Whole industry has been pushing blockchain
to be completed in such a hurry. Technology
never worked that way. Moreover, blockchain
is born out of current problems of centralized system and related vulnerability. In that sense, blockchain set the world on fire in extremely weird way. Of course, innovation of technology does not rely on its maker. But it delivers lifelong value if it is shifting the global paradigm
or daily behaviors of almost everyone.
It is easy to come up with names like Steve
Jobs for smartphone, Alan Turing for computer science, Elon Musk for Tesla’s unique projects like electric car, SpaceX, and Hyperloop.
They put their products in customers’ hands.
Customers can use it every day and they know who made it with which brand it leads to.
They all come together to become the value of brand and technology, to the far extent,
society and country.

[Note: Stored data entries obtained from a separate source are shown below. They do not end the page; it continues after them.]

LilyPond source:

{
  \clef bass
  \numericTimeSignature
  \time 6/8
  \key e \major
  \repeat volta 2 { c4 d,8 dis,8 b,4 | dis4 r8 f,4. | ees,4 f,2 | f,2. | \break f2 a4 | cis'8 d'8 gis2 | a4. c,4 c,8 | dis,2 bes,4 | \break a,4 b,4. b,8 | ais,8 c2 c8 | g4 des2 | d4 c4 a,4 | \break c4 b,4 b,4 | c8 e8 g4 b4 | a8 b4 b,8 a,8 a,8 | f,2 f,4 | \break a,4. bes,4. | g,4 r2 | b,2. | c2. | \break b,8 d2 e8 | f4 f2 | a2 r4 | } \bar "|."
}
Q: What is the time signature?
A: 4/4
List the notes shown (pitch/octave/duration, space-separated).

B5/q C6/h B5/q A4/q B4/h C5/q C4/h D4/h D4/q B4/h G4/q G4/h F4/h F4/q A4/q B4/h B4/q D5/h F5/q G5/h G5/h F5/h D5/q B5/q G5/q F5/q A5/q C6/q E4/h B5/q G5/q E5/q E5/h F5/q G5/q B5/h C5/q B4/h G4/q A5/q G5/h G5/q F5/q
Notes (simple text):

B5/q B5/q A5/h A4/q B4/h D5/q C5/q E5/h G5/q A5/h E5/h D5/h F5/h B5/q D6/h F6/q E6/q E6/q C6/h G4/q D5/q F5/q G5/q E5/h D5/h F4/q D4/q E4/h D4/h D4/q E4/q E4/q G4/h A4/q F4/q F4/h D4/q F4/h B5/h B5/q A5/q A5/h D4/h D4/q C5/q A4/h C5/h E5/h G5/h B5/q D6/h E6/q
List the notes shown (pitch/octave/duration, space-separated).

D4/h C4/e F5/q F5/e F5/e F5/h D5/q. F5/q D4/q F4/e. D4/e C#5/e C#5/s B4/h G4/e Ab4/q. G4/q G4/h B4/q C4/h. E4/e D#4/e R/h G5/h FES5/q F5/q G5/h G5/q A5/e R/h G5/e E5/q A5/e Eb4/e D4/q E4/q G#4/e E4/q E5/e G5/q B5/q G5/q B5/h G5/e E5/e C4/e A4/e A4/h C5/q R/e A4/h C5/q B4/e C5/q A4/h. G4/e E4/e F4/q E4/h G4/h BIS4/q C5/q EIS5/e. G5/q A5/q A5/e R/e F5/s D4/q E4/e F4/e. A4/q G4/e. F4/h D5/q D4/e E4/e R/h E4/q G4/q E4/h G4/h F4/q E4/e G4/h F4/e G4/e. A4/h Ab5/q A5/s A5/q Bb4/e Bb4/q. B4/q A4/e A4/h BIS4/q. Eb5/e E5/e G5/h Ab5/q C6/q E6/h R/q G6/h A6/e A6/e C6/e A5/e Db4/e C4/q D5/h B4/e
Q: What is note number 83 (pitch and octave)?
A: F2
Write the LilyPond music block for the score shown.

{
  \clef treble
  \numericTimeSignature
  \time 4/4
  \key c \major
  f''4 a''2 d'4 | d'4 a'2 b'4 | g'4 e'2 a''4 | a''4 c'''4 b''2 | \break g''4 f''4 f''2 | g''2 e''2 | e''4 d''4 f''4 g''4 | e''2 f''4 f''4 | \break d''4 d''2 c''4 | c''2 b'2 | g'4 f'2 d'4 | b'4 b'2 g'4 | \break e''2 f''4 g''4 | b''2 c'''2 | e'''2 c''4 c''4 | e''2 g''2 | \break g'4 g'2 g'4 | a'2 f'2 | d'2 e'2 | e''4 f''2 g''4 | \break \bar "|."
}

Blockchain has not
reached such feat yet. It may take more than
20 years. Hopefully it is a lot less than 20 years since now we have internet already.
According to Gartner’s recent report on
blockchain said that “By 2021, 90% of current enterprise blockchain platform implementations will require replacement within 18 months
to remain competitive, secure, and avoid
obsolescence. Gartner’s report mentioned
about ‘Fragmented Blockchain Platform
Market’ as its major cause since blockchain
platforms have been confusing potential suitors due to lack of clarity on implementation of
blockchain features for actual use cases.
The point is clear. Wait until you use it on daily basis.